Dear writers, readers and friends,

This month we are preoccupied with the Trump-a-thon. Donald’s quest continues and we find ourselves wondering: how is it that one man’s strange ideas are able to form a whole belief system? How is it that such a strange system can intoxicate so many believers? And who, exactly, are these believers?

With this weighing on our minds, there was only one possible image for the February issue: Grant Wood’s ‘American Gothic’ (part of the Chicago Institute of Art (http://www.artic.edu/aic/collections/artwork/6565) collection). This 1930s work of eerie wonder has become an icon of American art, not least because it is beautifully painted and fabulously creepy all at once. We bestow this image upon you, our writers, to bring forth your words.

This month we are thrilled to welcome a new guest editor, British writer Eley Williams (http://www.giantratofsumatra.com/) . Twice shortlisted for the White Review Short Story Prize, Eley also edits Jungftak, a journal for contemporary prose-poetry, works for independent publishers Copy Press, and was recently appointed co-editor for fiction at 3:AM magazine. She has sustained three dictionary-based injuries so far this year, but regrets nothing.

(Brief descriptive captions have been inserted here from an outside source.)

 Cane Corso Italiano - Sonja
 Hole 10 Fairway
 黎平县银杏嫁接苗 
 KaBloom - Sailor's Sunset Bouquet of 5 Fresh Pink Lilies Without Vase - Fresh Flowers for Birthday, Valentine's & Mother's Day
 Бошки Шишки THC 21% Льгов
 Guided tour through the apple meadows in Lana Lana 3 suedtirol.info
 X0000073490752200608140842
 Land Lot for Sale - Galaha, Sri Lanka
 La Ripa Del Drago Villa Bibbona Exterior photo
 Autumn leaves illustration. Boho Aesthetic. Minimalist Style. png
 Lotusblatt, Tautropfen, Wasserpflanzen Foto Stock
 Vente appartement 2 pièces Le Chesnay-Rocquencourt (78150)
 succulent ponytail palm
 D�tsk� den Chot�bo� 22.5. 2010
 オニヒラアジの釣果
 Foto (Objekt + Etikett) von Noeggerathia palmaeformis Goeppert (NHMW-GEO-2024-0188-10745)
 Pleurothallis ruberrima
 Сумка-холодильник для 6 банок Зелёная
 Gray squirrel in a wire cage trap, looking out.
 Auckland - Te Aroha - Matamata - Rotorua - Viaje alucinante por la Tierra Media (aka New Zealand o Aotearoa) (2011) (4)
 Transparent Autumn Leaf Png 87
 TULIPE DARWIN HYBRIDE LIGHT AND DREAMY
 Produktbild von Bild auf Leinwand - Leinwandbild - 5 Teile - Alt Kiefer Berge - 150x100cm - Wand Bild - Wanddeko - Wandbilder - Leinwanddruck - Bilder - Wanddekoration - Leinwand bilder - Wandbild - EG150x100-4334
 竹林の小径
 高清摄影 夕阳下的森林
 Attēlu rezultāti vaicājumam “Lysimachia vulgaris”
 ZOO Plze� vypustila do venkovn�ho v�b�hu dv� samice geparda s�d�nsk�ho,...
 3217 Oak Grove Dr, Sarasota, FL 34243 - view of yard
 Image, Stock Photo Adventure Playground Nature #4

Eley will edit Visual Verse for the next few months and kicks off her commissions with a group of the UK’s most exciting poets, writers and artists:

John McCullough (http://twitter.com/JohnMcCullough_) , whose first collection of poems, The Frost Fairs, won the Polari First Book Prize in 2012. It was a Book of the Year for The Independent and The Poetry School, and a summer read for The Observer. His second collection, Spacecraft (http://www.johnmccullough.co.uk/index.php/Spacecraft) , will be published by Penned in the Margins in April 2016.

Scottish writer Helen McClory (http://twitter.com/HelenMcClory) had her first flash fiction collection, On the Edges of Vision, published by Queen’s Ferry Press in August 2015 and won the Saltire First Book of the Year (http://www.saltiresociety.org.uk/awards/literature/literary-awards/scottish-first-book-of-the-year/) . There is a moor and a cold sea in her heart.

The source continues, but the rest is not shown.